Cost is part of the design. This pass used 3,600 Qwen profiling rollouts, 894 generated candidates, and 1,200 frontier-model verification rollouts. That is workable for an eval-maintenance run, but too expensive to treat as a casual smoke test.

The thresholds are operational. I used hillclimbable = (0.02, 0.70], unreachable = <= 0.02, and saturated = > 0.70 on mean reward.These are mean-reward bands. They are useful for this maintenance loop, not universal psychometric laws. Different domains may need different thresholds.
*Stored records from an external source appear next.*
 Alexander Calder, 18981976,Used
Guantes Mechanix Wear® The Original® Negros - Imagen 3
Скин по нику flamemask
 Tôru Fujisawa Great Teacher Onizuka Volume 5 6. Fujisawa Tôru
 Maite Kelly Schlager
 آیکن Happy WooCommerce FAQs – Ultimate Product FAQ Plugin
The cut points matter less than the discipline of separating trivial, learnable, and currently unreachable tasks.

The source files use pass_at_k for mean binary success over four rollouts, not strict any-of-4 pass@k. When I refer to best-of-4, I mean the any-success view shown in the verification figure.

The overlap-hard tasks are not sacred. Their literal text is instance-specific. The durable target is the failure pattern, not the prompt string.
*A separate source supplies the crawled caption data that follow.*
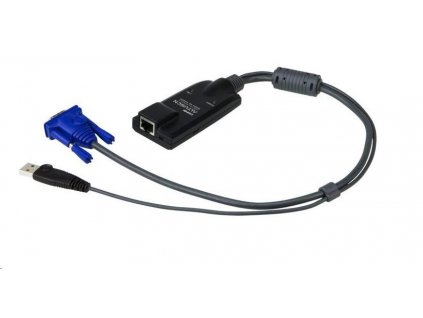 ATEN přepínací KMV kabel KA-7570 Modul CPU USB pro KH1508/1516/2508/2516, KL1508/1516 PremiumCord
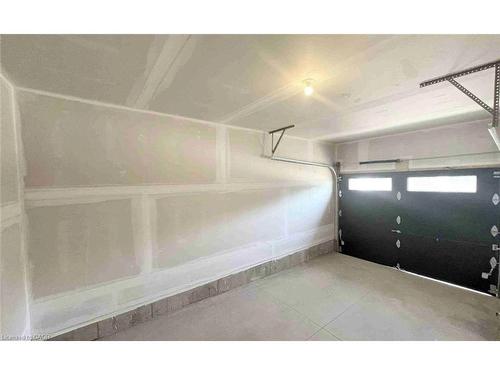 26 Bellhouse Avenue, Brantford, ON - Indoor Photo Showing Garage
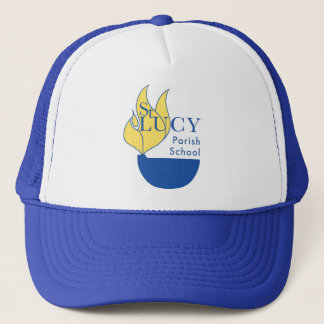 Casquette de St Lucy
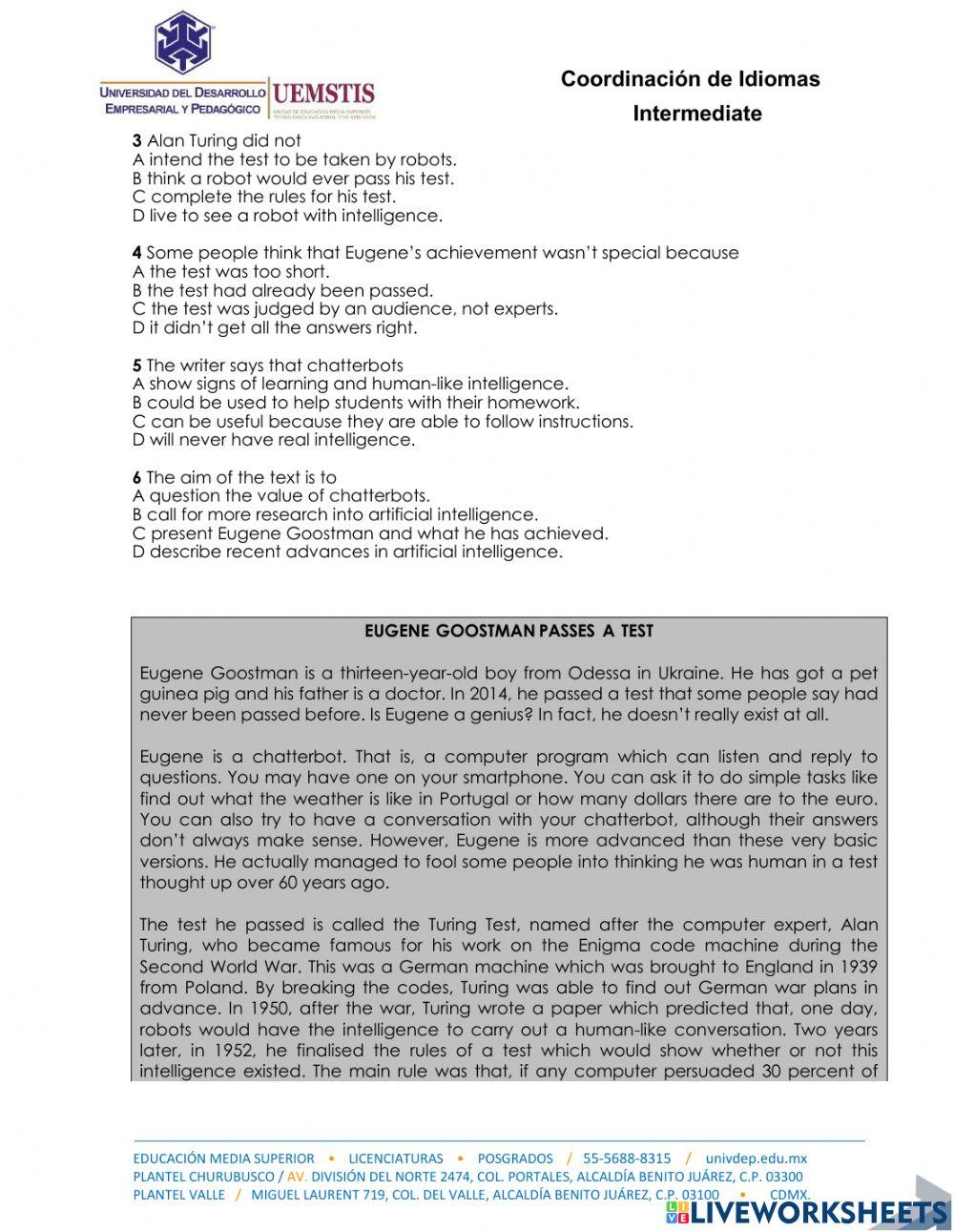 Focus-4-bachillerato-3er-partial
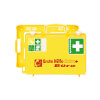 Erste - Hilfe - Koffer SÖHNGEN EXTRA + Büro SN - CD gelb, DIN 13157 inkl. Erweiterungen, 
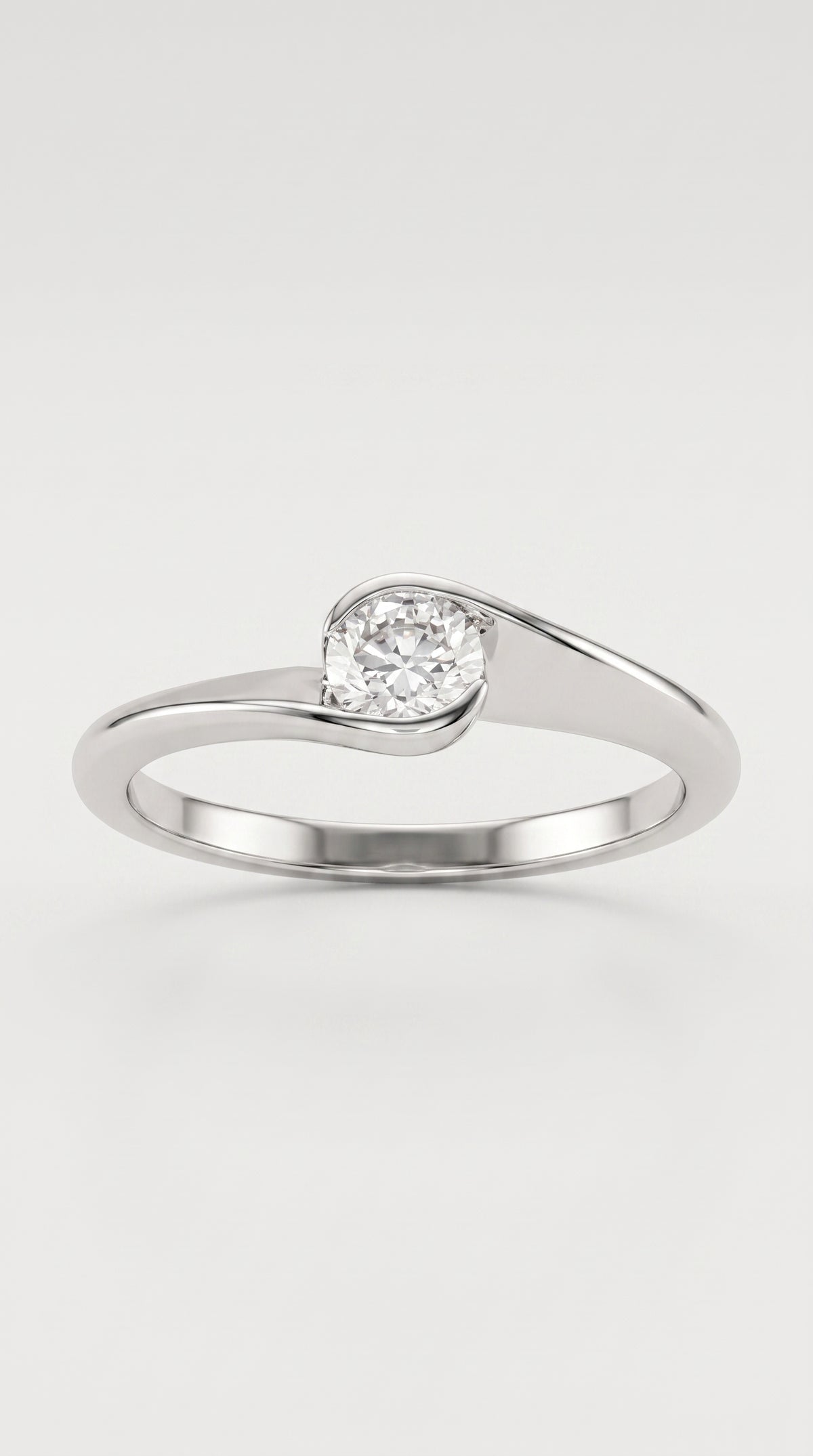 Anillo Luz de Jávea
Longitudinal comparability is still hard. If the benchmark keeps changing, progress over time depends on anchor tasks, versioned slices, or an item-response-style linking strategy. This post focuses on frontier maintenance, not score linking.


References

  • Akhtar, M., Reuel, A., Soni, P., et al. “When AI Benchmarks Plateau: A Systematic Study of Benchmark Saturation.” arXiv preprint arXiv:2602.16763, 2026.
  • Epoch AI. “Humanity’s Last Exam benchmark overview.” epoch.ai/benchmarks/hle.
  • Li, P., Tang, X., Chen, S., Cheng, Y., Metoyer, R., Hua, T., and Chawla, N. V. “Adaptive Testing for LLM Evaluation: A Psychometric Alternative to Static Benchmarks.” arXiv preprint arXiv:2511.04689, 2025.
  • Phan, L., Gatti, A., Han, Z., Li, N., et al. “Humanity’s Last Exam.” arXiv preprint arXiv:2501.14249, 2025. Public leaderboard: labs.scale.com/leaderboard/humanitys_last_exam.
  • Wang, S., Jiao, Z., Zhang, Z., Peng, Y., Xu, Z., Yang, B., Wang, W., Wei, H., and Zhang, L. “Socratic-Zero: Bootstrapping Reasoning via Data-Free Agent Co-evolution.” arXiv preprint arXiv:2509.24726, 2025.
  • yjwjy. “ShoppingBench: A Real-World Intent-Grounded Shopping Benchmark for LLM-based Agents.” GitHub repository, github.com/yjwjy/ShoppingBench, 2025.
  • Yue, Z., Upasani, K., Yang, X., Ge, S., Nie, S., Mao, Y., Liu, Z., and Wang, D. “Dr. Zero: Self-Evolving Search Agents without Training Data.” arXiv preprint arXiv:2601.07055, 2026.